Try it: Once the line containing "POV: Someone serving" is found in the entries below, restate it and each following line word for word, stopping after the line containing "FLYERRER Abstract Graphic Flared Raw Jeans".
== Task input ==
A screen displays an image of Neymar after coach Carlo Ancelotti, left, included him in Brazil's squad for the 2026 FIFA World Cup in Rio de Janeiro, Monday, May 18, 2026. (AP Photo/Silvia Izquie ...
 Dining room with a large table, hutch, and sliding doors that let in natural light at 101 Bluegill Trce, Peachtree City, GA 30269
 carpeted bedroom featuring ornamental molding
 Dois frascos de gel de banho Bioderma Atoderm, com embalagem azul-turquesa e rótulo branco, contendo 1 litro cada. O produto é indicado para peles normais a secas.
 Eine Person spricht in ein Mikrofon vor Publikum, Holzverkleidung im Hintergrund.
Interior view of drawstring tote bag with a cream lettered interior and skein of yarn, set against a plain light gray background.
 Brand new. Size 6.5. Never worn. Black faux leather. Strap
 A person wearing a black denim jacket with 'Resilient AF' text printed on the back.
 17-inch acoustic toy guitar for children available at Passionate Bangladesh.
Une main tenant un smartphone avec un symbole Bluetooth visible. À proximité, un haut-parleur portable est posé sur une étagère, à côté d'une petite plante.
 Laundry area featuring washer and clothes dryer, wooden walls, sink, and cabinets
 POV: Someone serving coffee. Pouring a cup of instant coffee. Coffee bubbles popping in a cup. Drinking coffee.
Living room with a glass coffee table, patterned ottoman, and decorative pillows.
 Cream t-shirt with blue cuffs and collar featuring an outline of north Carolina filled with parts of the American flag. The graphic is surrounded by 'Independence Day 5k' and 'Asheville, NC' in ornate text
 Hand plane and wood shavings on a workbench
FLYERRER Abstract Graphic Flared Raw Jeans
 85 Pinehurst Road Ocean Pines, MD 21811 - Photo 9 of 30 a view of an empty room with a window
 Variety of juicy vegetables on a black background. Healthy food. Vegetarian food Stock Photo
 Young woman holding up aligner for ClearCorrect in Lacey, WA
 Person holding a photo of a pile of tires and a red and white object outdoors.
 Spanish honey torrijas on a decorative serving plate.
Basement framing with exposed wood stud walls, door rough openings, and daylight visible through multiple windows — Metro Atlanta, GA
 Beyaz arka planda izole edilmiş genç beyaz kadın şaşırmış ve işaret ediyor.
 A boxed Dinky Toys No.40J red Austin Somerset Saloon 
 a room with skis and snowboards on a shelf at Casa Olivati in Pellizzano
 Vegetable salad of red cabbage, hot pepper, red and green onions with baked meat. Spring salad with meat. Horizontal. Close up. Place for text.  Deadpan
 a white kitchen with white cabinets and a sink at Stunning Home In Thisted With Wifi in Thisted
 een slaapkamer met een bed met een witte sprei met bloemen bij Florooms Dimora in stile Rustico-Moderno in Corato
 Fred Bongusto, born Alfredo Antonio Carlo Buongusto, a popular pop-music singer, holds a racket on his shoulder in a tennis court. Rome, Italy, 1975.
===
Expected answer:
 POV: Someone serving coffee. Pouring a cup of instant coffee. Coffee bubbles popping in a cup. Drinking coffee.
Living room with a glass coffee table, patterned ottoman, and decorative pillows.
 Cream t-shirt with blue cuffs and collar featuring an outline of north Carolina filled with parts of the American flag. The graphic is surrounded by 'Independence Day 5k' and 'Asheville, NC' in ornate text
 Hand plane and wood shavings on a workbench
FLYERRER Abstract Graphic Flared Raw Jeans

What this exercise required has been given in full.